Converts data into window of inputs and window of labels

| [Source: tensorflow.org](https://www.tensorflow.org/tutorials/structured_data/images/split_window.png) |
|-----|
| ![split_window.png](https://www.tensorflow.org/tutorials/structured_data/images/split_window.png) |

**Note**: Added `remove_target_column_from_input` parameter to control whether target column shall be included in the input
* `True`: if target column/s should not be included
* `False`: if target column/s should be included

In [None]:
def split_window(self, features, remove_target_column_from_input=True):
    if remove_target_column_from_input:
        inputs = features[:, self.input_slice, :14]
    else:
        inputs = features[:, self.input_slice, :]
    labels = features[:, self.labels_slice, :]
    if self.label_columns is not None:
        labels = tf.stack(
            [labels[:, :, self.column_indices[name]] for name in self.label_columns],
            axis=-1)

    # Slicing doesn't preserve static shape information, so set the shapes
    # manually. This way the `tf.data.Datasets` are easier to inspect.
    inputs.set_shape([None, self.input_width, None])
    labels.set_shape([None, self.label_width, None])
    
    return inputs, labels

WindowGenerator.split_window = split_window

## `make_dataset` function
Converts Dataframe into `tf.data.Dataset` of `(input_window, label_window)` using `tf.keras.utils.timeseries_dataset_from_array`.

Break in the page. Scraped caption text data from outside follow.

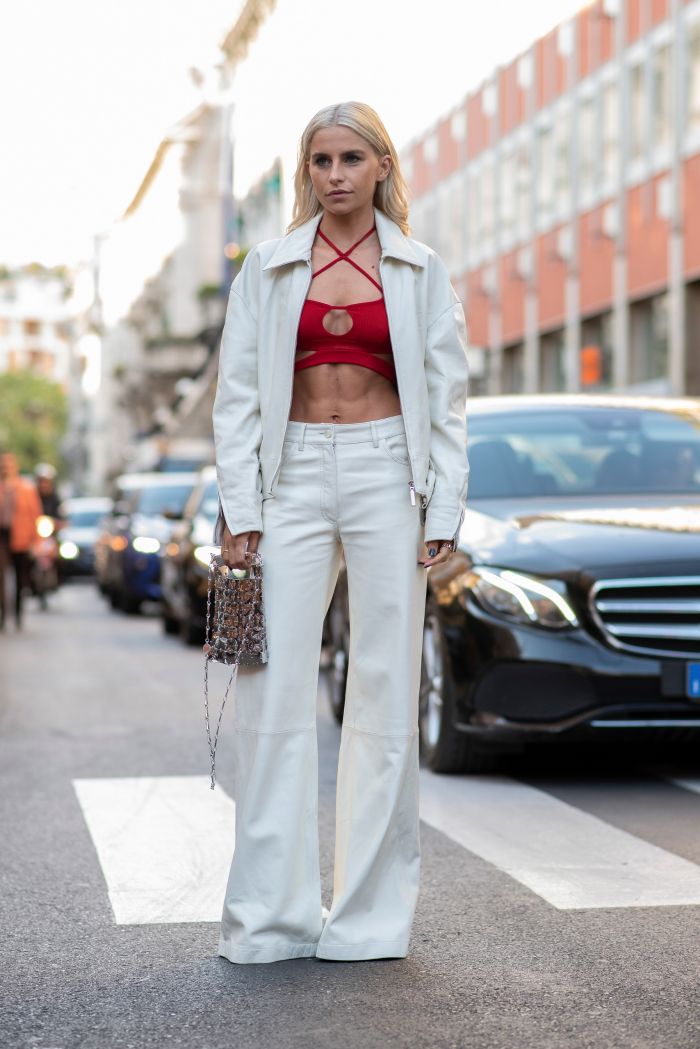 Οι πιο stylish τρόποι για να φορέσεις το λευκό σου τζιν παντελόνι την άνοιξη
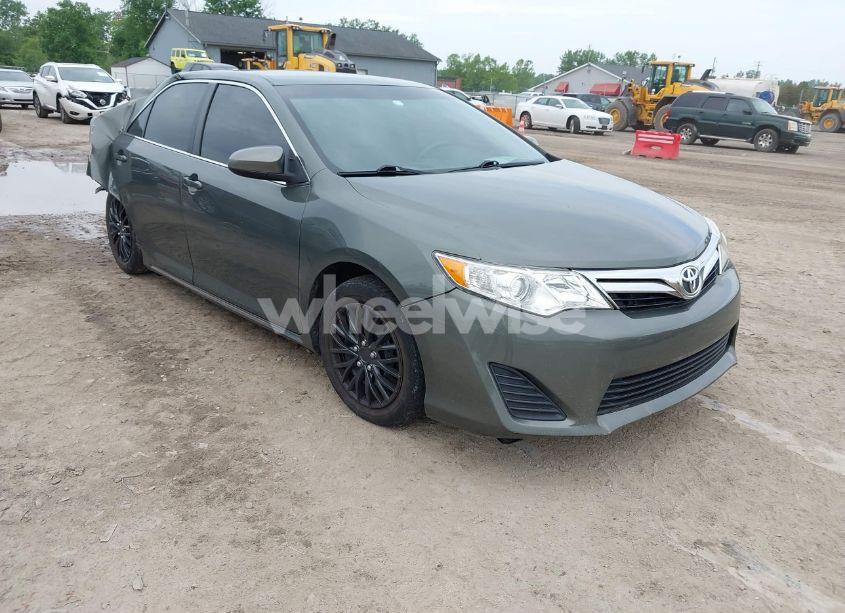 2012 Toyota Camry LE (VIN 4T4BF1FKXCR266338) main photo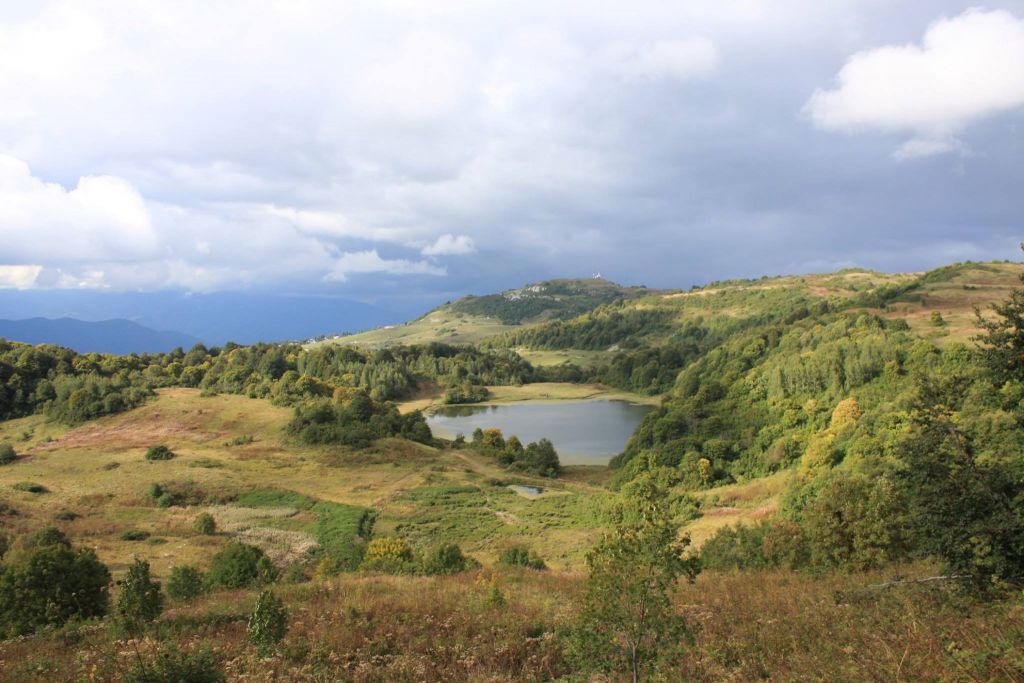 დღიანი ტური ზემო რაჭაში <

Each window has dimension of `(number_of_batches, total_window_size, number_of_features)`.

**Note**: Accepts `remove_target_column_from_input` parameter to control whether target column shall be included in the input
* `True`: if target column/s should not be included
* `False`: if target column/s should be included

| Sample batch |
|-----|
| ![image.png](attachment:497d9a68-ddd3-473b-96ff-969302109744.png) |

In [None]:
def make_dataset(self, data, remove_target_column_from_input=True):
    data = np.array(data, dtype=np.float32)
    ds = tf.keras.utils.timeseries_dataset_from_array(
        data=data,
        targets=None,
        sequence_length=self.total_window_size,
        sequence_stride=1,
        shuffle=True,
        batch_size=BATCH_SIZE,)
    
    ds = ds.map(lambda d: self.split_window(d, remove_target_column_from_input))
    
    return ds

WindowGenerator.make_dataset = make_dataset

## `train`, `validation`, `test` & `sample` functions

* `train`, `validation`, `test`: holds the train, validation & test sets inside the `WindowGenerator` instance.<br>
By default, each set remove target column from input window.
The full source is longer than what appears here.